***** INPUT

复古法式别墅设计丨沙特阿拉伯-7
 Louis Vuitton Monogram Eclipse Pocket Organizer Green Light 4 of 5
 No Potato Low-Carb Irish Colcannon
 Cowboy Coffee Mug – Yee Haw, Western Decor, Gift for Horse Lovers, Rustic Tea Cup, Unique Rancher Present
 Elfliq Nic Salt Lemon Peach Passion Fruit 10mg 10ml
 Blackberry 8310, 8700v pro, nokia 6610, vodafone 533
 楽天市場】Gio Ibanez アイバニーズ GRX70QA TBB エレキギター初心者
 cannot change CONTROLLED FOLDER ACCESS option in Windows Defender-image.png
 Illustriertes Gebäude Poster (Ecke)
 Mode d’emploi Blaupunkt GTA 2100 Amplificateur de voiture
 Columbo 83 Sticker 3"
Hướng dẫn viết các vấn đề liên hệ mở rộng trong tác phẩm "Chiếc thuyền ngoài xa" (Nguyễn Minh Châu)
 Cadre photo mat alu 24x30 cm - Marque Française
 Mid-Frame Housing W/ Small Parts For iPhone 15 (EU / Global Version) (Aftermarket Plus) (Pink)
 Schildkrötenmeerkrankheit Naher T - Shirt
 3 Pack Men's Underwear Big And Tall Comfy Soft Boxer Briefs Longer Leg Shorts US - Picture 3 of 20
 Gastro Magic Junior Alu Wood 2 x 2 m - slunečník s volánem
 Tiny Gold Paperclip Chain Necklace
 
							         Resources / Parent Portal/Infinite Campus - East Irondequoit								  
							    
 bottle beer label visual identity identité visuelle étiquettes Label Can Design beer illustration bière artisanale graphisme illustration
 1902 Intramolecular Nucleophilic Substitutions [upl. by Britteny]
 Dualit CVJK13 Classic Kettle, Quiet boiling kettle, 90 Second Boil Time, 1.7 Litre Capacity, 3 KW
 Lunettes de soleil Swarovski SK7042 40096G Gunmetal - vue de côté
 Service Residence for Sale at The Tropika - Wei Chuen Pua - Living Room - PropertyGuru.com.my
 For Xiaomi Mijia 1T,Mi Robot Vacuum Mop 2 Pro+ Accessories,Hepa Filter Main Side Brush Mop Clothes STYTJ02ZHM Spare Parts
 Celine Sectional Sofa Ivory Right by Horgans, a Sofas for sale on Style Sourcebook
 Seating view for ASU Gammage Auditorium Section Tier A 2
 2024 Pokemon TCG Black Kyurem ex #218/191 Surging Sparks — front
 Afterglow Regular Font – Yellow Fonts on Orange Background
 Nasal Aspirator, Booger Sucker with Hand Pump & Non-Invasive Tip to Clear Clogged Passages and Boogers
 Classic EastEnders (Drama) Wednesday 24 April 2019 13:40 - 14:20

**********

#### INSTRUCTIONS FOR THE TASK:
All lines starting at the one holding "Service Residence for" and ending at the last line above must be output exactly, and no other line may appear.

#### ANSWER SECTION:
 Service Residence for Sale at The Tropika - Wei Chuen Pua - Living Room - PropertyGuru.com.my
 For Xiaomi Mijia 1T,Mi Robot Vacuum Mop 2 Pro+ Accessories,Hepa Filter Main Side Brush Mop Clothes STYTJ02ZHM Spare Parts
 Celine Sectional Sofa Ivory Right by Horgans, a Sofas for sale on Style Sourcebook
 Seating view for ASU Gammage Auditorium Section Tier A 2
 2024 Pokemon TCG Black Kyurem ex #218/191 Surging Sparks — front
 Afterglow Regular Font – Yellow Fonts on Orange Background
 Nasal Aspirator, Booger Sucker with Hand Pump & Non-Invasive Tip to Clear Clogged Passages and Boogers
 Classic EastEnders (Drama) Wednesday 24 April 2019 13:40 - 14:20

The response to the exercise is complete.